Ritz-Carlton hotels famously budget a total of $2,000 per customer for customer experience. The employees are trusted to use their judgment, and it’s a great example of letting employees actively take part in improving customer experience.
Measure and track your success (and learn from churn!)
Last but not least is of course data. Be sure to measure and track all aspects of the customer experience to see what needs improvement and to know more about your product/market fit. Also, never be afraid to learn from your mistakes.
Everything doesn’t always go as planned and no business ever will have zero unhappy customers. The trick is to turn negative experiences around and learn from whatever goes wrong – even churn rates.
Customer experience management
Customer experience management, or CEM, consists of viewing the company from the customer’s viewpoint, providing the tools to improve CX based on customer feedback, and being genuinely interested in the customer and their overall experience.

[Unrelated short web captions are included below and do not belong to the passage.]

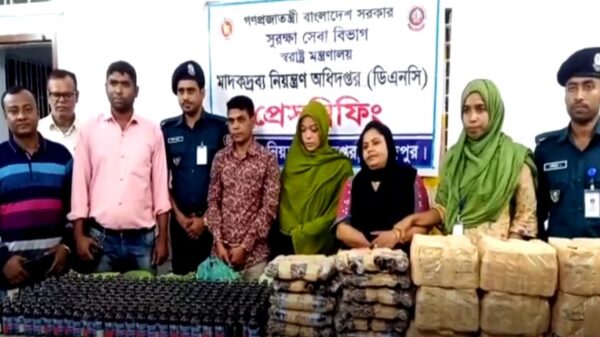 সব্জির নিচে পাচারকালে বস্তা ভর্তি ফেনসিডিলসহ গ্রেফতার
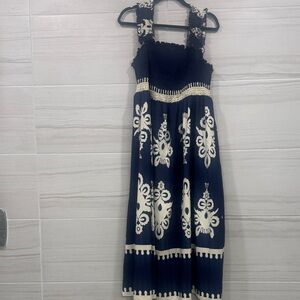 Chic Navy and Cream Maxi Dress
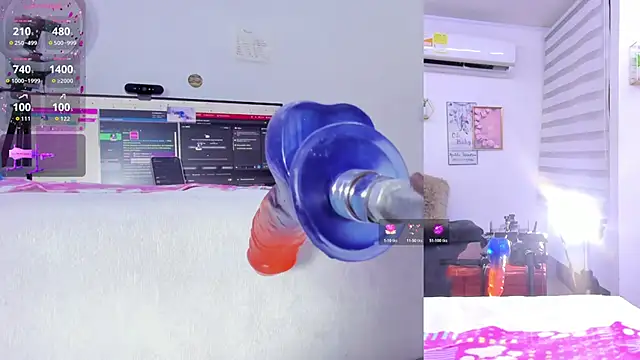 Snapshot of Soraya_Davis chatting on 11/11/25, 09:09 Soraya Davis online show from 11/11/25, 09:09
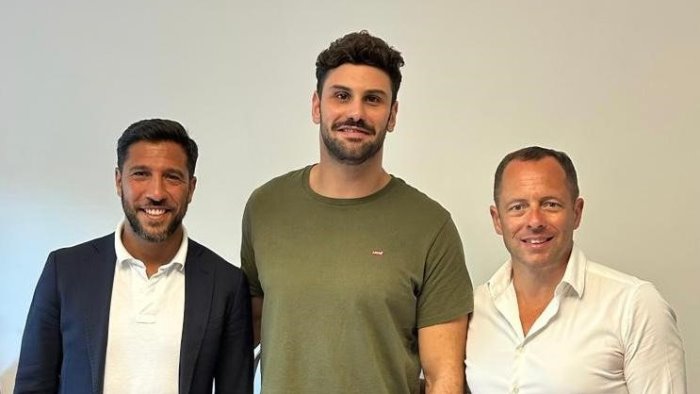 pallanuoto rari nantes salerno rinnova il centroboa donato pica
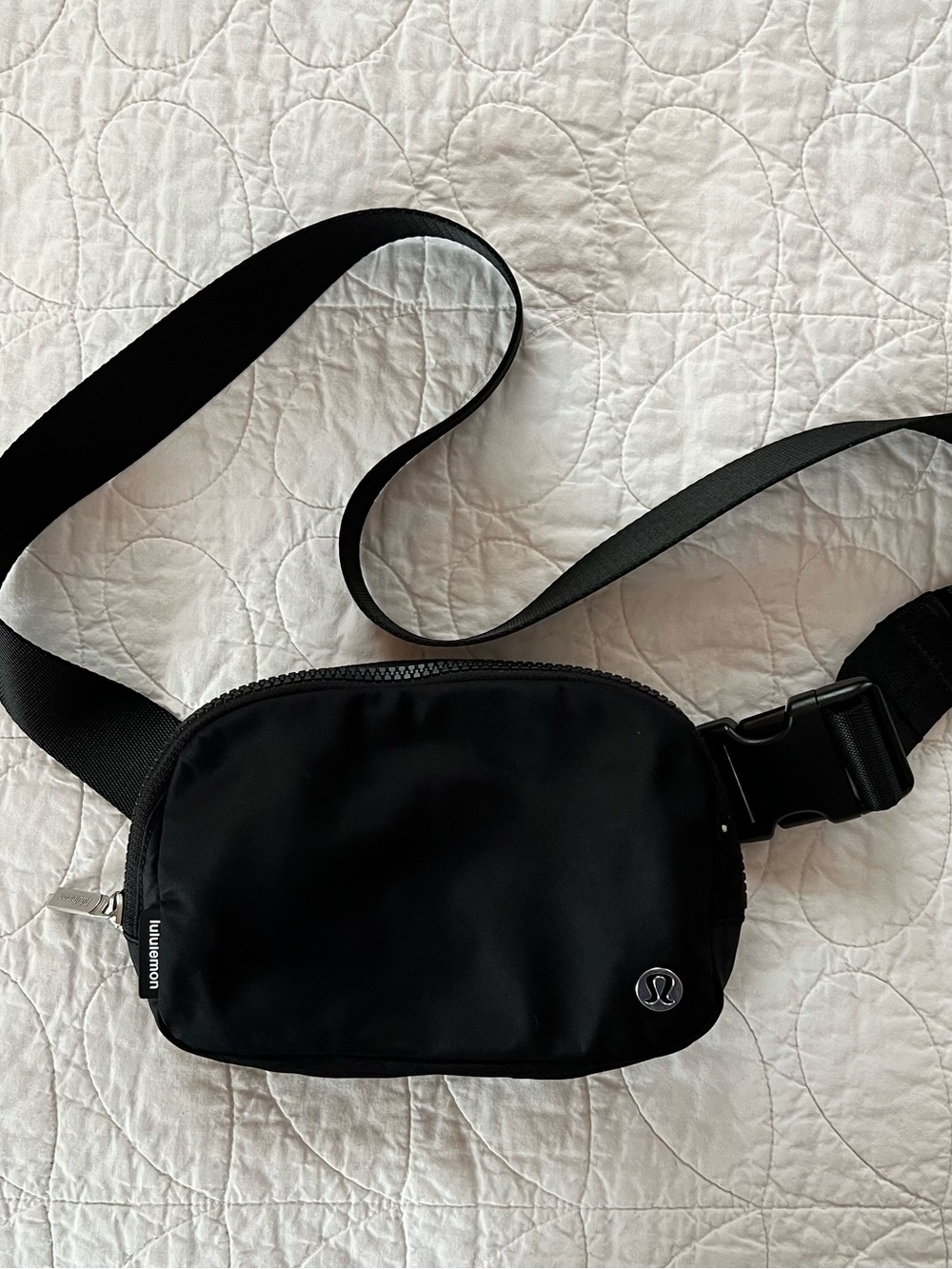 lululemon athletica Black Everywhere Belt Bag Sporty Minimalist Travel Walking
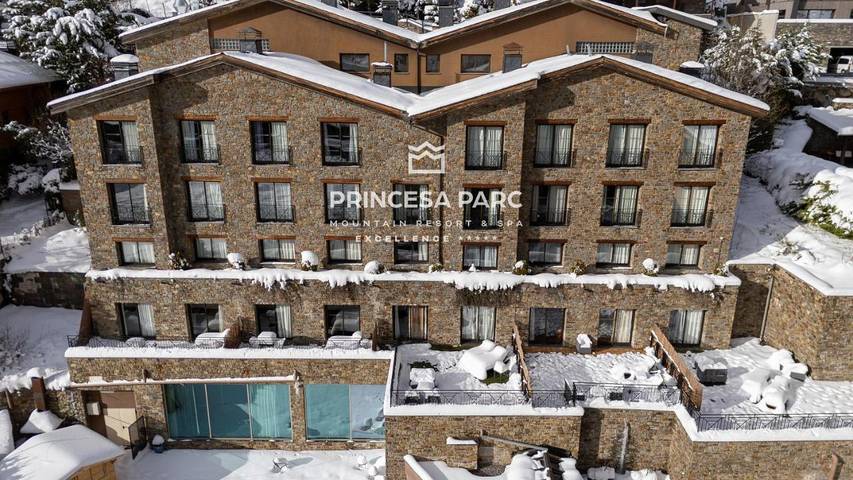 Hôtel pour 10 personnes, avec jardin et piscine dans Arinsal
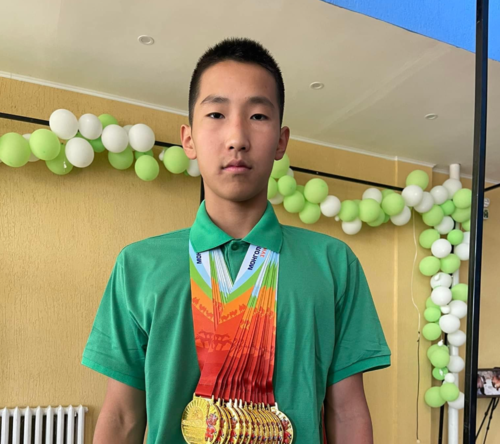 Усанд сэлэлт: Э.Эрхэс олон улсын тэмцээнээс иж бүрэн медаль хүртлээ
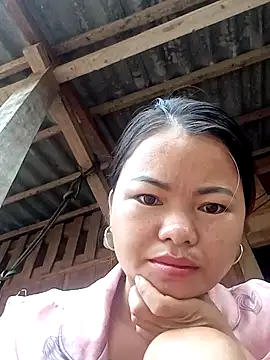 emly-xinh18 online show from September 23, 11:36 pm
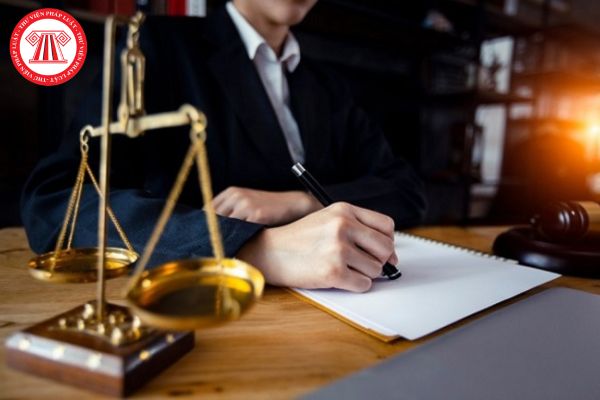 Sinh viên học ngành luật kinh tế muốn hành nghề luật sư thì cần đáp ứng những điều kiện nào theo quy định?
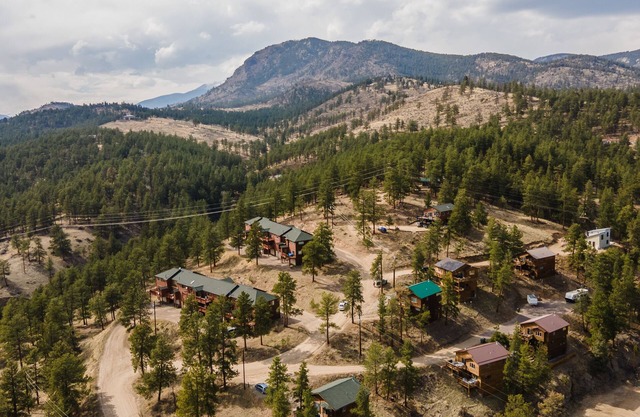 NEW Modern Mtn Chalet; hidden gem that is walkable to town!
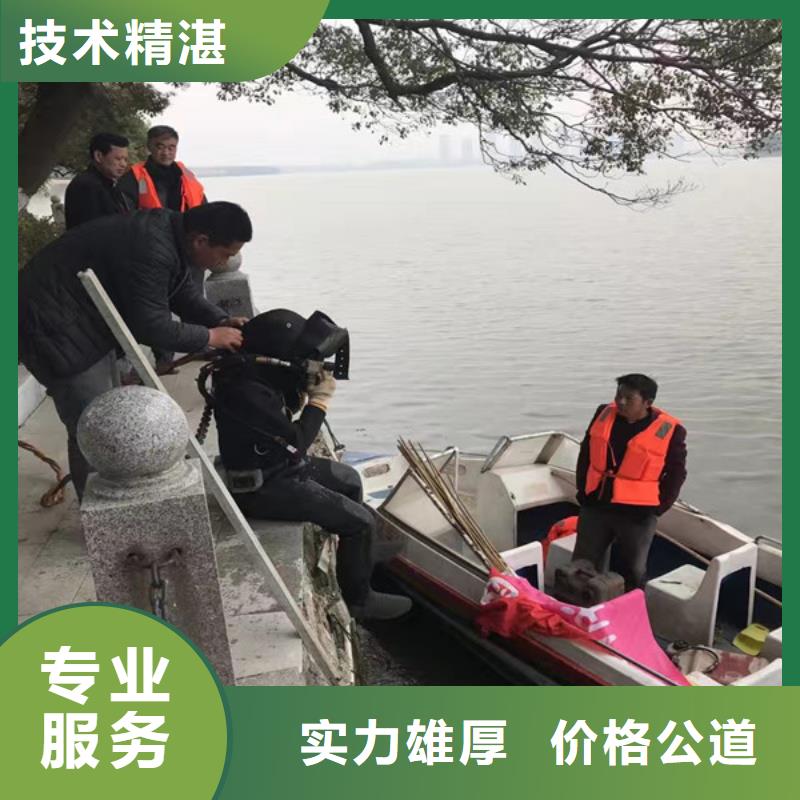 水上浮吊船技術(shù)精湛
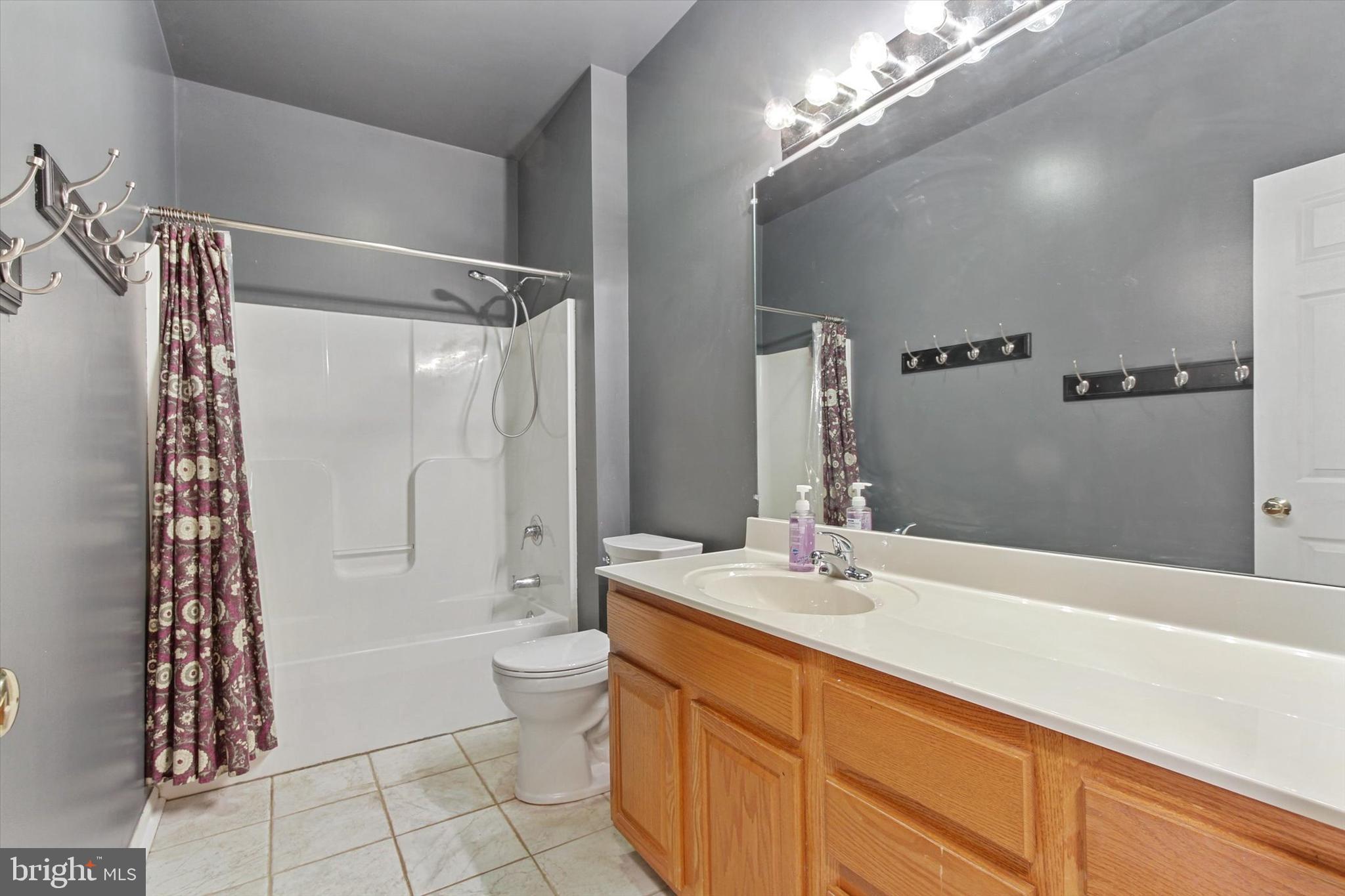 2115 Eden Road York, PA 17406 - Photo 10 of 28 Full Bath on 3rd Level w/Tub Shower & Ceramic Tile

It’s a good idea to hire a person to actively take care of, track and improve the customer experience in your company. That person can be a chief customer experience officer whose job it is to build and own the customer experience strategy. Depending on the size of your company, it can be a good idea to hire an entire team.
Think of customer experience as a journey. On this journey, the people in charge of customer experience management are a bit like tour guides: their job is to plan and create the perfect holiday experience for their customer based on – you guessed it – the customers’ feedback.
There are different ways of handling customer feedback, one of which is the Spotlight Framework. It’s a way of identifying exactly what your customer needs and what their feedback concerns by placing feedback into different categories and finding appropriate solutions for each category.
Customer experience design & surveys
Customer experience design is the practice of designing products and services with a focus on the user experience. Every single touchpoint within the customer journey with a company should be exactly what the brand promises.
Surveys allow you to ask your customers anything that will help you further improve the customer experience of your company. It’s a good idea to start with the basics to find out what your customer thinks about your product, service, company or brand in general.
Of course, the more detailed your survey is, the more you will know, but keep in mind that your customer experience survey should also be customer-friendly and as easy to complete as possible. Make your survey compact and short, avoid making any fields mandatory, and only ask the relevant questions.
Good questions to ask your customers
How often do you use our product/service?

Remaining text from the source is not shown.